**What you are asked to do**
Please reproduce the data in full, exactly as it stands.

Dataset section section start

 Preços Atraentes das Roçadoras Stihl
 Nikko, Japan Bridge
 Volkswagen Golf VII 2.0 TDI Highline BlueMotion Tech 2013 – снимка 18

Dataset section section end

**Task result**
 Preços Atraentes das Roçadoras Stihl
 Nikko, Japan Bridge
 Volkswagen Golf VII 2.0 TDI Highline BlueMotion Tech 2013 – снимка 18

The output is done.